32.        In response to the Defendants’ allegations, IFL pointed out that it was the Third Defendant Tan Hock Keng himself who informed IFL that Chua was interested in buying the Properties. The Defendants also knew that Chua would use one of his companies to buy the Properties and Chua wanted some renovations to be done. Accordingly, IFL had sought and obtained the Defendants’ consent to the sale. As regards the omission to state the name of the buyer in the consent, IFL’s contention was that the Defendants knew it would be one of Chua’s companies and if the identity of the buyer was as important as the Defendants were suggesting, they would not have signed the consent form without insisting on the name of the buyer being inserted in the consent form.

33.         Indeed, IFL pointed out that the Defendants did not give any reason why it was important to them that Chua be the buyer and not one of his companies when they themselves were currently saying negative things about Chua himself.

34.        As regards the allegation that Lay Seong Enterprises Pte Ltd had allegedly made an offer of $11.8 million, IFL pointed out that Tan Hock Keng had admitted in his second affidavit, paragraph 7, that he did not communicate this offer to IFL.

35.        As regards the allegation that MKTV was a $2 company only, IFL pointed out that two of the prospective purchasers which were subsequently recommended by the Defendants, i.e Rickson Building Construction Pte Ltd and Grazza Pte Ltd, were themselves $2 companies. IFL’s point was that if IFL had refused to enter into the S&P Agreement with MKTV, the Defendants would be the first to cry foul against IFL.

36.        I would add that although the Defendants said they did not suspect anything was amiss when they agreed to an extension of time being given to the purchaser to complete the sale, the letter containing their consent to the extension clearly identified MKTV as the purchaser. So much for their purported ignorance about MKTV being the purchaser. What the Defendants were interested in was that MKTV should be charged late completion interest at 10% per annum, as stated in that consent.

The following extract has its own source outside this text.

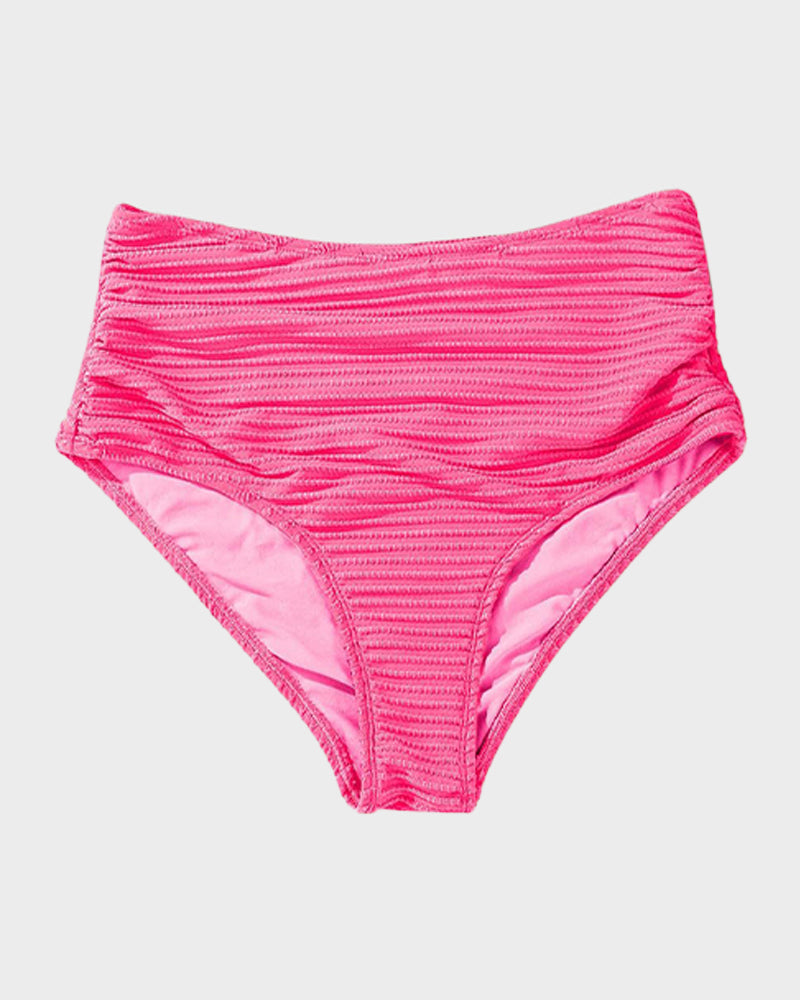 Pink Bottom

37.        As for suspicion arising from the fact that IFL was financing MKTV’s purchase, Mr Lim pointed out that Tan Hock Keng’s second affidavit, para 7, showed that he knew that IFL was financing MKTV’s purchase. Mr Lim also submitted that there was no conflict in IFL financing the purchase as the Defendants had wanted the purchase to go through.

38.         When Mr Lim pointed out that the Defendants knew that IFL was financing MKTV’s purchase, Mr Kumar advanced another argument. He submitted that they did not know that IFL was intending to furnish 100% financing. If there was 100% financing, then a 10% deposit, instead of 1%, could have been paid. This pertains to the second complaint about a deposit about 1% only. However, Mr Lim pointed out that in Tan Hock Keng’s first affidavit, para 11, he had admitted that he knew that IFL was intending to furnish 100% financing. It seemed to me also that it did not necessarily follow that just because the intention was to obtain 100% financing, MKTV would be prepared to pay a 10% deposit especially if the deposit was to be paid first before the conditions for the 100% financing were met. On the 1% deposit, IFL said that that was all that MKTV was prepared to put up and if IFL had refused to sell unless a higher deposit was paid, it would again be the Defendants who would complain.

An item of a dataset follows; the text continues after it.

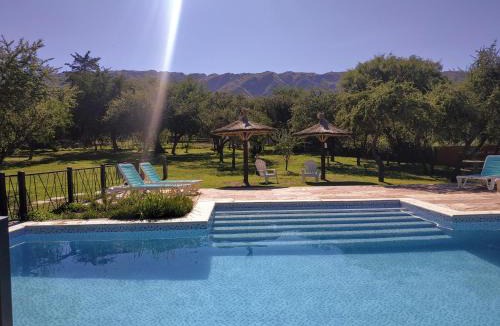 Carpinteria Apartment | El Naranjero Apart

39.        As regards the third complaint about IFL agreeing under the S&P Agreement to renovate the Properties between $1 million to $1.5 million, IFL said that because the Properties were dilapidated and the property market was depressed, the Defendants agreed to the condition about renovation but reduced the quantum to $1 million. I would add that the consent to the S&P Agreement signed by the Defendants did mention renovation works to be done by IFL estimated to be $1 million.

40.        As regards the fourth complaint, IFL said it did not refuse to appoint contractors selected by the Defendants but simply informed them that IFL would obtain various quotations and the Defendants’ contractors would be free to submit their bid.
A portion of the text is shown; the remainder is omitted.